_Data records:_
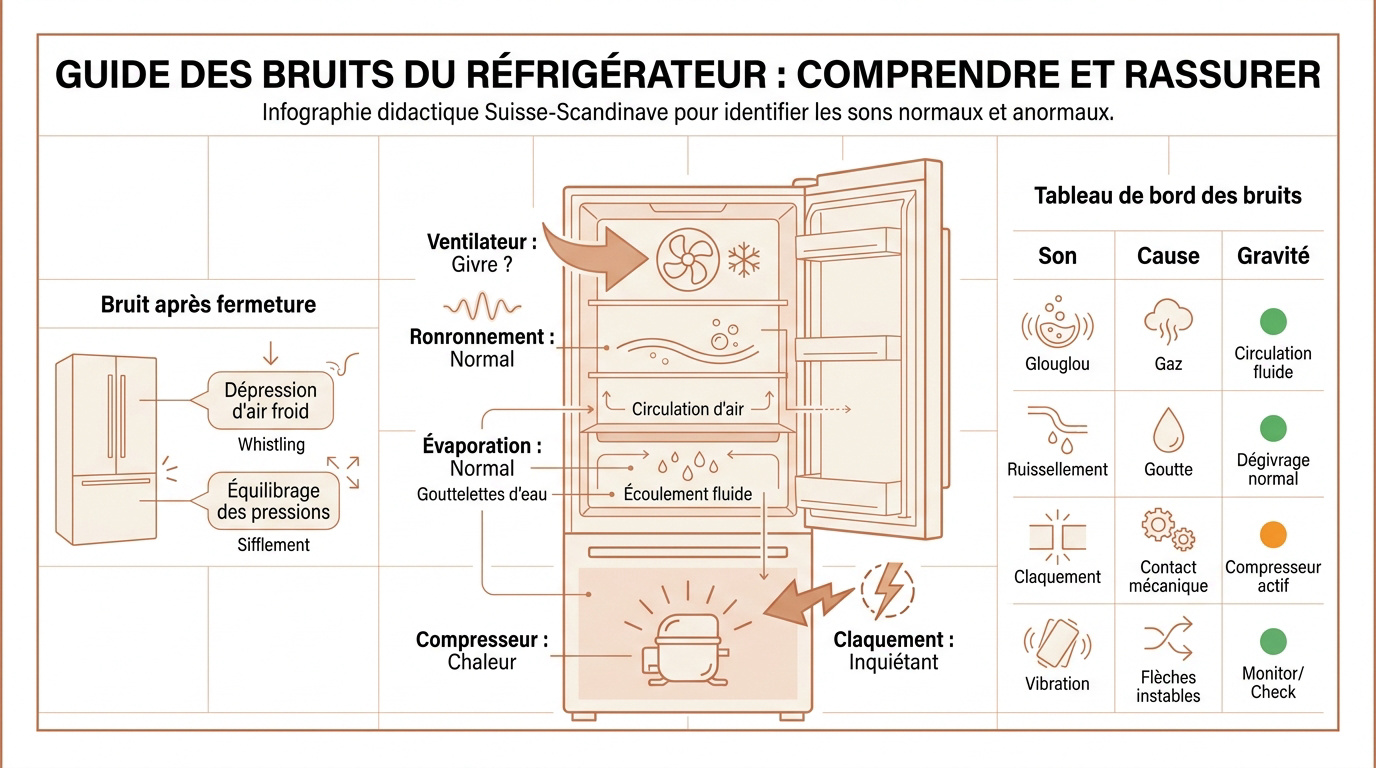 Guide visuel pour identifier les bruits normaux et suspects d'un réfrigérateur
* * *
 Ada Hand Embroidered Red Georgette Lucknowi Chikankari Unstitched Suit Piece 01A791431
...
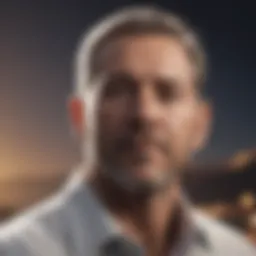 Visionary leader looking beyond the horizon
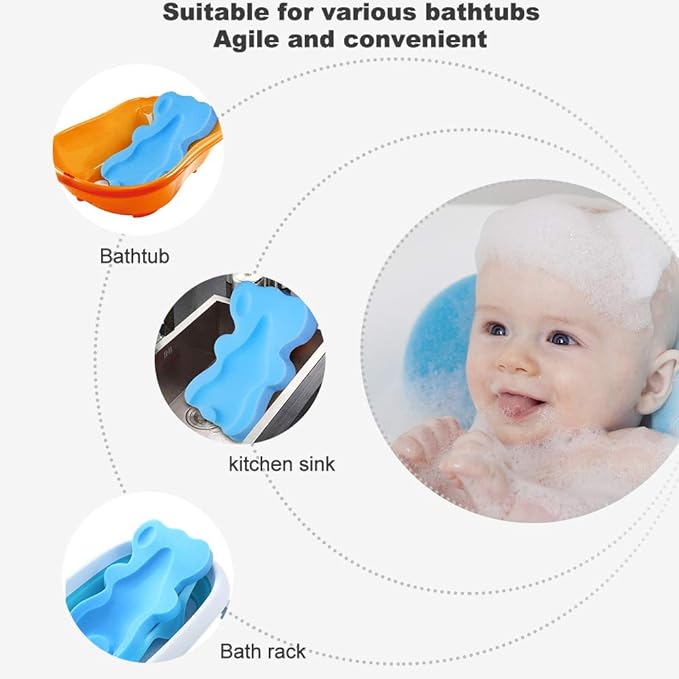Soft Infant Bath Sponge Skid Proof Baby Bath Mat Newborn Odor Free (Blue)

_The problem:_ A clean copy is needed of the lines above from the one with "Visionary leader looking beyond the horizon" up to and including the one with "Soft Infant Bath". Please set it down exactly, with no pictures.

_Response area:_
 Visionary leader looking beyond the horizon
Soft Infant Bath Sponge Skid Proof Baby Bath Mat Newborn Odor Free (Blue)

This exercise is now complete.